The senator's demand comes weeks after a portion of a rail bridge collapsed on a street in downtown Syracuse, New York. Although no one was injured, the July 5 incident sheds light on the fact that the agency has just six specialists tasked with overseeing rail bridge inspections and audits, he said.

The bridge is owned by the New York, Susquehanna & Western Railroad, according to local media reports.

"Only three people are responsible for auditing 3,000 privately-owned rail bridges that span across New York State — on top of being responsible for all of the rail bridges in over a dozen of other states," Schumer said in a press release. "It does not take a rail safety expert to know the math simply doesn't add up.
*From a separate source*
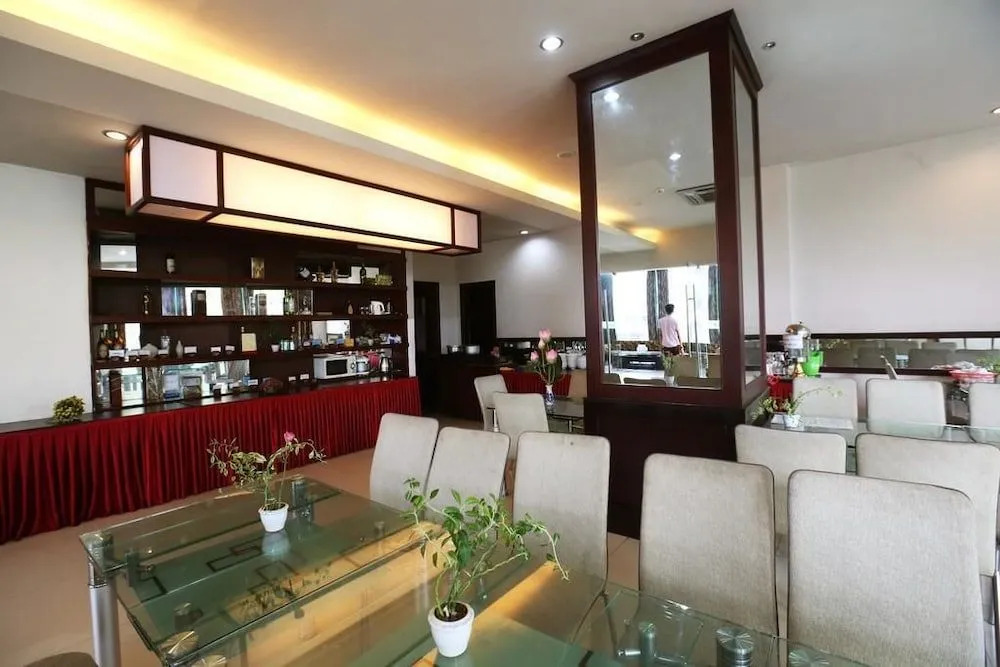 Hue Smile Hotel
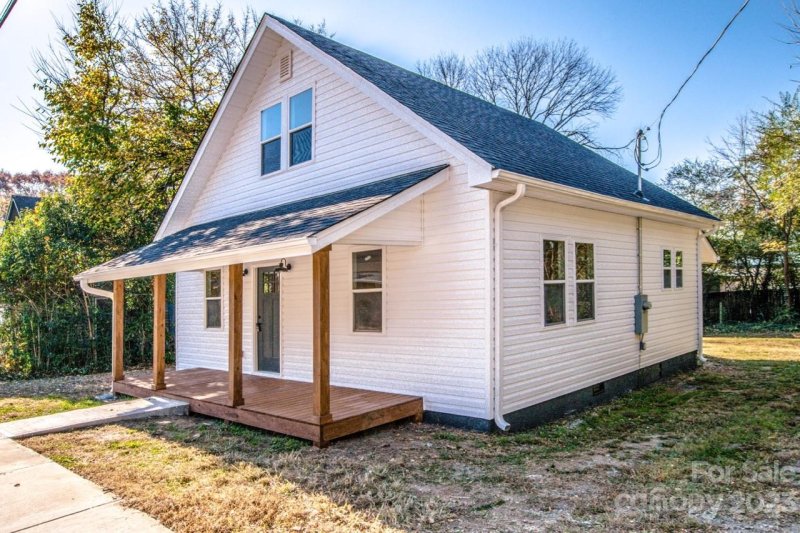 Property image 2 at 113 Doster Avenue, Mooresville, NC 28115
The fact that safety concerns could be slipping through the cracks makes it clear as day that we must increase the number of inspectors and rail specialists that audit these critical links nationwide."

According to Schumer, only 1 percent of the 70,000 to 100,000 privately owned rail bridges across the nation are audited in any given year.

While public roadway bridges must be inspected at least every other year— a task that in New York State falls to its Department of Transportation — privately owned railroad bridges do not have this same requirement, Schumer said. Instead, railroads are required to self-inspect their bridges annually and are subject to FRA oversight.

"I will continue my push for the FRA to hire more train bridge inspectors so we can ensure that private companies are doing their job and keeping these bridges in top-notch shape. Simply put, we should not be waiting for bridges to collapse and fall onto our streets to do something," Schumer said.